▶ DATA EXTRACT:
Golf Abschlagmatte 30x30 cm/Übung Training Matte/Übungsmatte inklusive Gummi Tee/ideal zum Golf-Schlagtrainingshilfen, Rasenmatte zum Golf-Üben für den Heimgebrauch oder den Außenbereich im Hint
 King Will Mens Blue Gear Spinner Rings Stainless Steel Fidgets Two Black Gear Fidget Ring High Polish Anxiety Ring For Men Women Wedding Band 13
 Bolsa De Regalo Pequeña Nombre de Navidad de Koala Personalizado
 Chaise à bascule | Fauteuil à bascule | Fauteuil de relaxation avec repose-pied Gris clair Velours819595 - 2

▶ WHAT YOU WILL DO: Since the material above must be kept intact, output it exactly as it is.

▶ YOUR SOLUTION:
Golf Abschlagmatte 30x30 cm/Übung Training Matte/Übungsmatte inklusive Gummi Tee/ideal zum Golf-Schlagtrainingshilfen, Rasenmatte zum Golf-Üben für den Heimgebrauch oder den Außenbereich im Hint
 King Will Mens Blue Gear Spinner Rings Stainless Steel Fidgets Two Black Gear Fidget Ring High Polish Anxiety Ring For Men Women Wedding Band 13
 Bolsa De Regalo Pequeña Nombre de Navidad de Koala Personalizado
 Chaise à bascule | Fauteuil à bascule | Fauteuil de relaxation avec repose-pied Gris clair Velours819595 - 2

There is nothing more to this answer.